Resuming his professional career, he split time between Memphis and Nashville in 1955, Dotterer batted only .221, but after a full season in Havana in 1956 Dotterer returned to Nashville for 1957. By May 1 he was hitting at a .391 clip and by July 10th he was seventh in the league at .319 and chosen for the Southern Association All Star team. Dotterer ended the season with a .303 batting average.

Sent to Seattle for 1958, he earned a late-season call to the Cincinnati Reds, appearing in four games. Dotterer had 339 plate appearances in five years in the majors including 22 with the expansion Senators. The Reds had traded him to the Kansas City Athletics but was not protected in the expansion draft and was selected by Washington.

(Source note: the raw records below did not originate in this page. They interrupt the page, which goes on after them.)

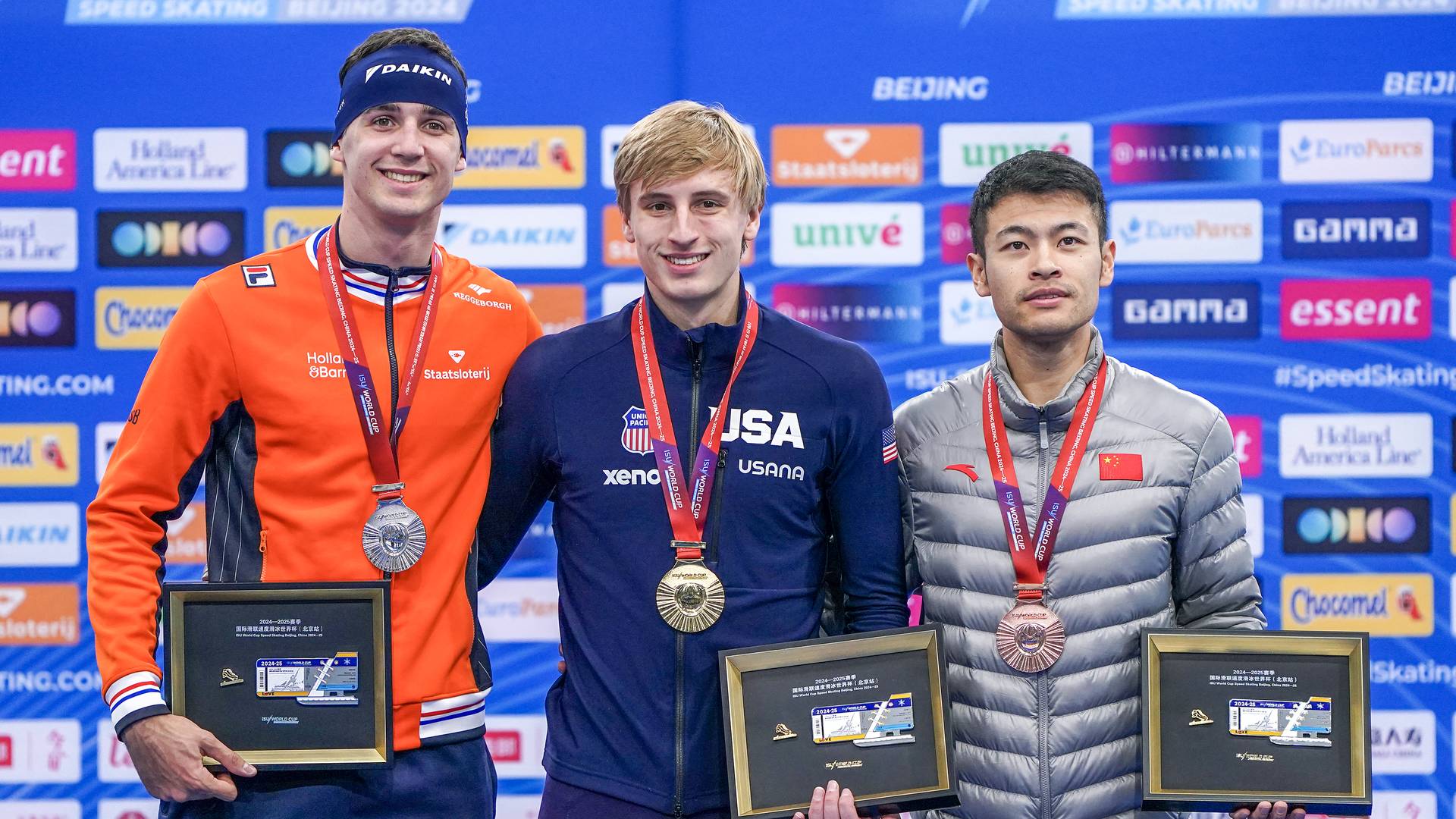 Podium 1000 m M WC 2 2024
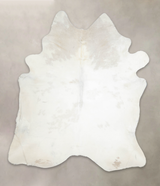 Ivory with Beige XX-Large Brazilian Cowhide Rug 8'2"H x 7'1"W #A26470 by Hudson Hides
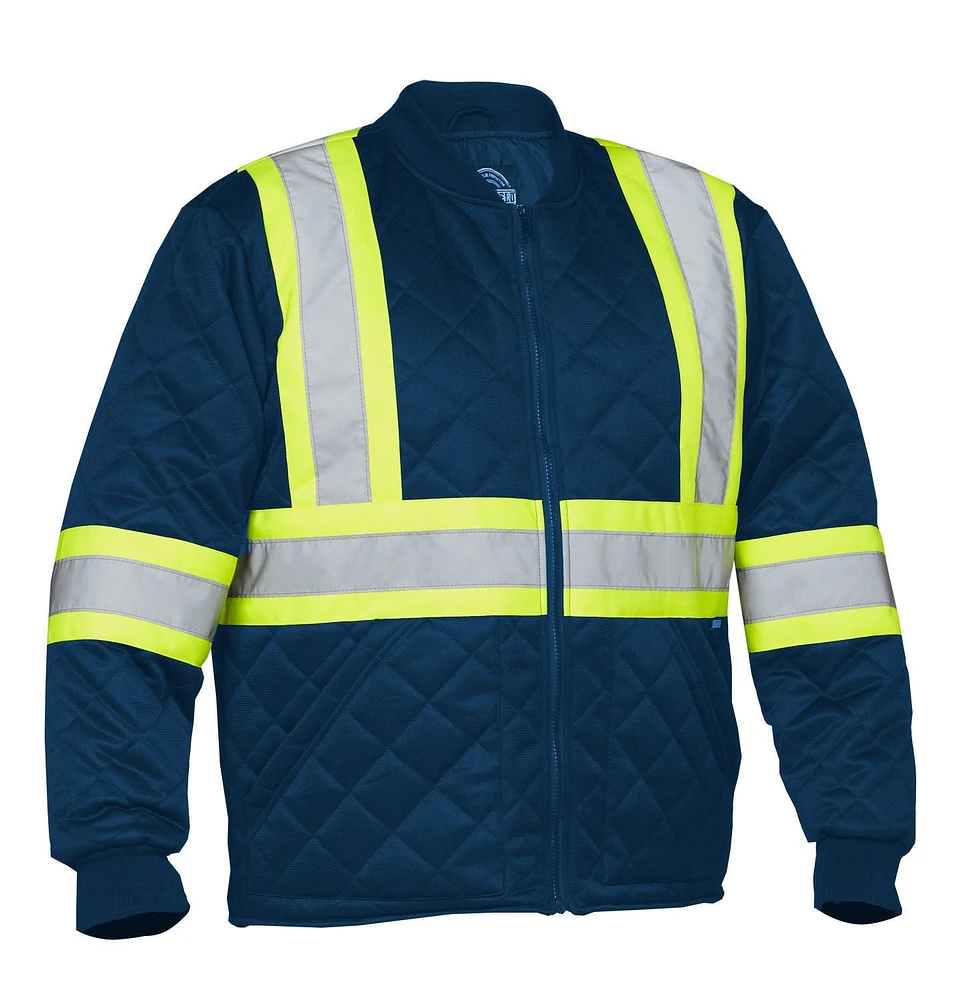 Forcefield Men's Hi-Visible Safety Freezer Jacket<br>*On-Line Exclusive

With Washington in 1961, his last season in the majors, Topps mistakenly printed a photograph of his younger brother, Tom, with Dutch’s biographical and statistical information on his baseball card. Tommy never made it to the majors but played outfield and shortstop for Nashville in 1959.DDotter_FB

His father, Dutch Dotterer, Sr. was a long-time scout with the Cleveland Indians, New York Yankees, and Reds. Dotterer retired from baseball in 1961 after two years with Syracuse. He passed away on October 9, 1999 in his hometown at the age of 67.